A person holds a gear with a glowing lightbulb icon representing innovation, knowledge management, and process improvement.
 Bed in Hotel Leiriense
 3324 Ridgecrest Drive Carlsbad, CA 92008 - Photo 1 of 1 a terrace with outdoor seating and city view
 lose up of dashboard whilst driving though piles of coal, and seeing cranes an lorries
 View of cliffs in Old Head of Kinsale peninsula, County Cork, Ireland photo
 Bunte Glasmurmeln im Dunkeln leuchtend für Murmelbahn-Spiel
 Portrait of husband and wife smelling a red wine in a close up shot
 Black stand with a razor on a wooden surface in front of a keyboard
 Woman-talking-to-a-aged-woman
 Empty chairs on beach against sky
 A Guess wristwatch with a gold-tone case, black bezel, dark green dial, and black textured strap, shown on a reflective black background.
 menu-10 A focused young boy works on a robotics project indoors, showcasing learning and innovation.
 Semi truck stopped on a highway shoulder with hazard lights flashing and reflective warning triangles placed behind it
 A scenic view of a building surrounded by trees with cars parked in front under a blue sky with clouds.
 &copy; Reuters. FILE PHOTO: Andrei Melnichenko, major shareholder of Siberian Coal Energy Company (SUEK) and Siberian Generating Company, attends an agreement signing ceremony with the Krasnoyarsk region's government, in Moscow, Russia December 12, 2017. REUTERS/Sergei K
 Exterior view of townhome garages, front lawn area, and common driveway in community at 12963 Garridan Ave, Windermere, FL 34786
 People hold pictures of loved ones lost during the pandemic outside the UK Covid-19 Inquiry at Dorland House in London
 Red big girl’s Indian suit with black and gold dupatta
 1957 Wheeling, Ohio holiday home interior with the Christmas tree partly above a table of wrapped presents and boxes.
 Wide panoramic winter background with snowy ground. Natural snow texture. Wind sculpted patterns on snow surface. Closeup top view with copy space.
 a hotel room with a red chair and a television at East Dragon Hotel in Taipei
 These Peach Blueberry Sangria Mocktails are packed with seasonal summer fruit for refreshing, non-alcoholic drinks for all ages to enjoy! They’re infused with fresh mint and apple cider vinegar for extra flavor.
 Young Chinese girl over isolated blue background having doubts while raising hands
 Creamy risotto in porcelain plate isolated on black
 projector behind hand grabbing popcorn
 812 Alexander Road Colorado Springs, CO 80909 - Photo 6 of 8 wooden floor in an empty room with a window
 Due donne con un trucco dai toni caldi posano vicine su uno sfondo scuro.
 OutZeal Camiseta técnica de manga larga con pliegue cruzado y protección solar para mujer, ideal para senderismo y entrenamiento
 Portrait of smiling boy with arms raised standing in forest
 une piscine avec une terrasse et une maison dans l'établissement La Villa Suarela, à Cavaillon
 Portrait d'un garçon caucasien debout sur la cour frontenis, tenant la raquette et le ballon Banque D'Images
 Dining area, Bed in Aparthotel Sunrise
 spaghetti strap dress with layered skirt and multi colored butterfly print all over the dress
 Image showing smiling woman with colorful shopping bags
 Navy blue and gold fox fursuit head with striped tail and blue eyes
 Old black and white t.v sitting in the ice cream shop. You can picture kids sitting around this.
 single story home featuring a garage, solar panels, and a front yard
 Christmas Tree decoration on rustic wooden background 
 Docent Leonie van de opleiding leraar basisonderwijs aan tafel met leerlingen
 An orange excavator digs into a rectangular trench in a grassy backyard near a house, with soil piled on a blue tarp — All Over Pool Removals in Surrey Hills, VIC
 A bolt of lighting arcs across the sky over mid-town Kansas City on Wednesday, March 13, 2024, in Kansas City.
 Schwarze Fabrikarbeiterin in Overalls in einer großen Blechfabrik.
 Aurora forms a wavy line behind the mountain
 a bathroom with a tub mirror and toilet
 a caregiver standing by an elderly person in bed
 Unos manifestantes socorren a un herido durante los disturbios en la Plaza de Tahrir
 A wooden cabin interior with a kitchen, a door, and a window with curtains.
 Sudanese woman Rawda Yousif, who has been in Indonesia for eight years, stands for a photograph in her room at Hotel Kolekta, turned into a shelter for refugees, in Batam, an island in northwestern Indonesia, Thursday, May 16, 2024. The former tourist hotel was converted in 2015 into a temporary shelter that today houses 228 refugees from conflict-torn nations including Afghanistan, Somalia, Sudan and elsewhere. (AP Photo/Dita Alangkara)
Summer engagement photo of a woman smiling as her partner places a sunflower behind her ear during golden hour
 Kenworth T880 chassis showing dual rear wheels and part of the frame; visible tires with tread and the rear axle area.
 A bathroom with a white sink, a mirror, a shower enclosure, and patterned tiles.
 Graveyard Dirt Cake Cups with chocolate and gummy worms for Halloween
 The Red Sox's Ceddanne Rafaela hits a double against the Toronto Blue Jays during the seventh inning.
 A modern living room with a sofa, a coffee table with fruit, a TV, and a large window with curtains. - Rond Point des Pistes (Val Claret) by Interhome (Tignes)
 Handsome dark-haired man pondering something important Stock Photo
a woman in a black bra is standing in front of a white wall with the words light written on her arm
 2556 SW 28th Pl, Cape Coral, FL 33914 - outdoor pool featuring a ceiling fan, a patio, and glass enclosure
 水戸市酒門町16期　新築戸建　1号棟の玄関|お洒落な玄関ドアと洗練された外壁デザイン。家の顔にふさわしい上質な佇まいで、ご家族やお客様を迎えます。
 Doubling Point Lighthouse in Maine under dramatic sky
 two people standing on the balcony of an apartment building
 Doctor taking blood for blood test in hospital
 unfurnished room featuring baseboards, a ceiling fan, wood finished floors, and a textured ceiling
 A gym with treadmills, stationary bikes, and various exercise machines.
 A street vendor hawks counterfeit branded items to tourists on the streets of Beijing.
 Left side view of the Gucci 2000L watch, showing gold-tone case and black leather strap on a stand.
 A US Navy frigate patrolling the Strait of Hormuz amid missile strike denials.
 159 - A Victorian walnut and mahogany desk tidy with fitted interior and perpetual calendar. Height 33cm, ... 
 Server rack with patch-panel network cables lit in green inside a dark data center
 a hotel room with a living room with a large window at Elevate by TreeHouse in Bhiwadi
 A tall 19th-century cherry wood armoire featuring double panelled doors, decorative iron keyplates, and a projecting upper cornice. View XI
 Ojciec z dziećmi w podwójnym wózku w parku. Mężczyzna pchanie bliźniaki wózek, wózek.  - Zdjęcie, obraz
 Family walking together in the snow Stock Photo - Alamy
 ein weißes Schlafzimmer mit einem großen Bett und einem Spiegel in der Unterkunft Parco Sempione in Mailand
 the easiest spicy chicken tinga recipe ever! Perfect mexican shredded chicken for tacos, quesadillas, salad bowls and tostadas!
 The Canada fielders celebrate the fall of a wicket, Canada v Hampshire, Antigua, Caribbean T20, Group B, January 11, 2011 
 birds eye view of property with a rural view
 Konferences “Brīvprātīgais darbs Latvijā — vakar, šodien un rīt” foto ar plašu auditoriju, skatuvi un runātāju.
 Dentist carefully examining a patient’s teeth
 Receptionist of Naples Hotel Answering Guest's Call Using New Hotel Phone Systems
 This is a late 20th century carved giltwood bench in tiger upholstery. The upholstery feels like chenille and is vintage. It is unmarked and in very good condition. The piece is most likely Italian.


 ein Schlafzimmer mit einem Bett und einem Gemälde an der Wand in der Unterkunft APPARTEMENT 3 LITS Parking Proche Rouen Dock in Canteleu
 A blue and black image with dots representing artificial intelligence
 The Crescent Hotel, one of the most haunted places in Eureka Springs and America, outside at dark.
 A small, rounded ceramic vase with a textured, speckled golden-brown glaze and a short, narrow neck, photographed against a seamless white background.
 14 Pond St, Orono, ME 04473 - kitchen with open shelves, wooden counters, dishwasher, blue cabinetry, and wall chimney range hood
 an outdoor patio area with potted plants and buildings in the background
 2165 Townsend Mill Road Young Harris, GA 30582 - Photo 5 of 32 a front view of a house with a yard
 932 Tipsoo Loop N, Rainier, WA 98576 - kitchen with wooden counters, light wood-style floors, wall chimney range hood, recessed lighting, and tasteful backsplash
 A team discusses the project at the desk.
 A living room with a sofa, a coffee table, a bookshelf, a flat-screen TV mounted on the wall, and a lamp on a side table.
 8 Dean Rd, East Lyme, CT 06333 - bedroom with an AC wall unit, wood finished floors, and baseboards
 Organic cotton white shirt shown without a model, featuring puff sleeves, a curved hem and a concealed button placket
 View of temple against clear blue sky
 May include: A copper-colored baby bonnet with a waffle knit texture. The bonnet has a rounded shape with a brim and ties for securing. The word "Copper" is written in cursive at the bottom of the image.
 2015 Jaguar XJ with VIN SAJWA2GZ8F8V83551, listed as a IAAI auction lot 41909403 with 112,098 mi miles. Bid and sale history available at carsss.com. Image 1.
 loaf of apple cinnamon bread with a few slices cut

....

[Exercise instructions]: Beginning with the line containing "skatuvi un runātāju." in the material above, copy every line exactly until you have copied the line containing "A team discusses the project at the desk.".

[Expected answer]:
 Konferences “Brīvprātīgais darbs Latvijā — vakar, šodien un rīt” foto ar plašu auditoriju, skatuvi un runātāju.
 Dentist carefully examining a patient’s teeth
 Receptionist of Naples Hotel Answering Guest's Call Using New Hotel Phone Systems
 This is a late 20th century carved giltwood bench in tiger upholstery. The upholstery feels like chenille and is vintage. It is unmarked and in very good condition. The piece is most likely Italian.


 ein Schlafzimmer mit einem Bett und einem Gemälde an der Wand in der Unterkunft APPARTEMENT 3 LITS Parking Proche Rouen Dock in Canteleu
 A blue and black image with dots representing artificial intelligence
 The Crescent Hotel, one of the most haunted places in Eureka Springs and America, outside at dark.
 A small, rounded ceramic vase with a textured, speckled golden-brown glaze and a short, narrow neck, photographed against a seamless white background.
 14 Pond St, Orono, ME 04473 - kitchen with open shelves, wooden counters, dishwasher, blue cabinetry, and wall chimney range hood
 an outdoor patio area with potted plants and buildings in the background
 2165 Townsend Mill Road Young Harris, GA 30582 - Photo 5 of 32 a front view of a house with a yard
 932 Tipsoo Loop N, Rainier, WA 98576 - kitchen with wooden counters, light wood-style floors, wall chimney range hood, recessed lighting, and tasteful backsplash
 A team discusses the project at the desk.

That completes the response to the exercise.